The Free On-line Dictionary of Computing (30 December 2018):
Universal Serial Bus
USB 2.0
    (USB) An external peripheral interface
   standard for communication between a computer and external
   peripherals over an inexpensive cable using biserial
   transmission.
   USB is intended to replace existing serial ports, parallel
   ports, keyboard, and monitor connectors and be used with
   keyboards, mice, monitors, printers, and possibly some
   low-speed scanners and removable hard drives.  For faster
   devices existing IDE, SCSI, or emerging FC-AL or
   FireWire interfaces can be used.
   USB works at 12 Mbps with specific consideration for low cost
   peripherals.  It supports up to 127 devices and both
   isochronous and asynchronous data transfers.  Cables can
   be up to five metres long and it includes built-in power
   distribution for low power devices.  It supports daisy
   chaining through a tiered star multidrop topology.  A USB
   cable has a rectangular "Type A" plug at the computer end and
   a square "Type B" plug at the peripheral end.

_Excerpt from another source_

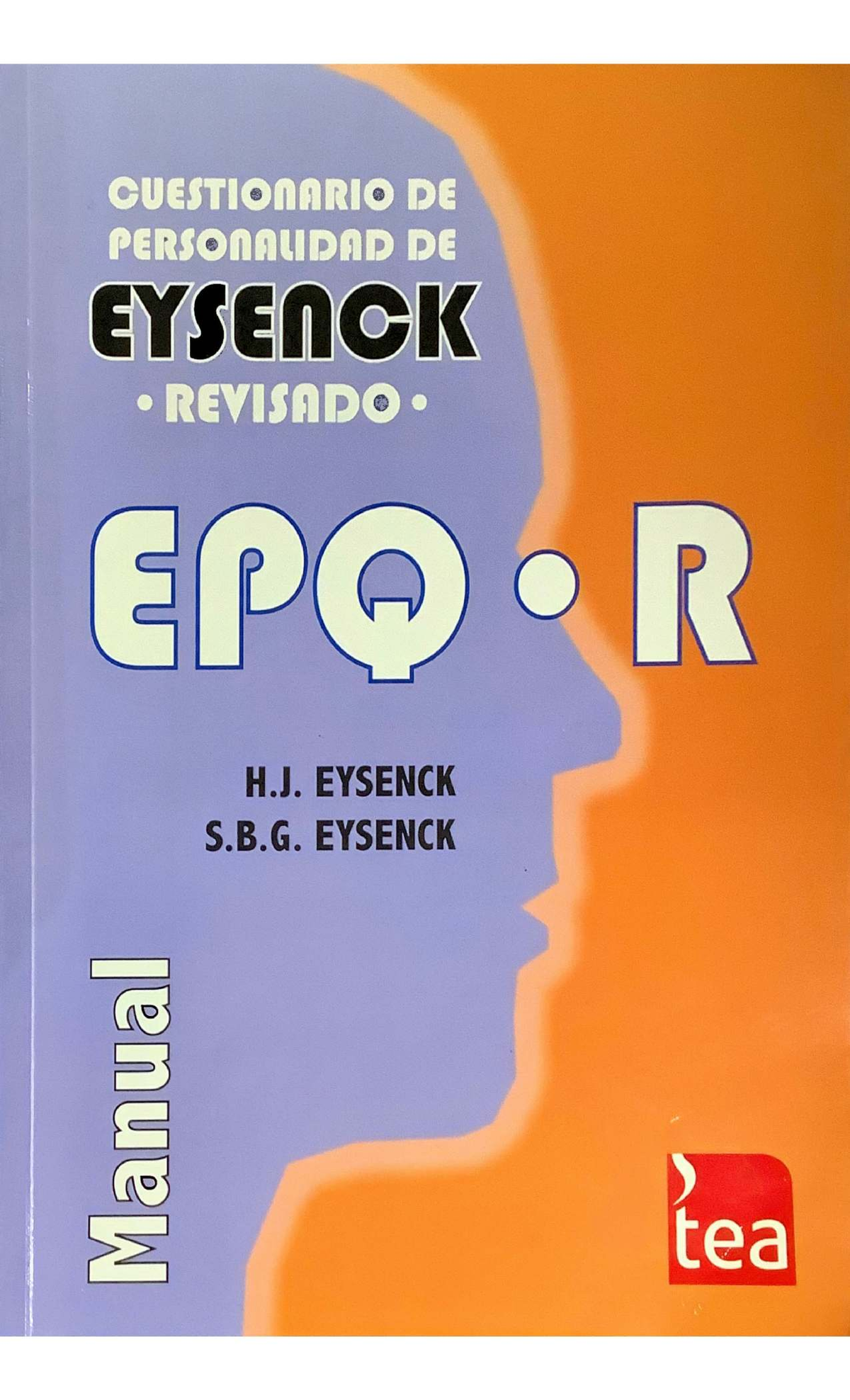 Manual del Cuestionario de Personalidad de Eysenck (EPQ-R) - 3ª Edición ...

   Before March 1996 Intel started to integrate the necessary
   logic into PC chip sets and encourage other manufacturers
   to do likewise.  It was widely available by 1997.  Later
   versions of Windows 95 included support for it.  It was
   standard on Macintosh computers in 1999.
   The USB 2.0 specification was released in 2000 to allow USB to
   compete with Firewire etc.  USB 2.0 is backward compatible
   with USB 1.1 but works at 480 Mbps.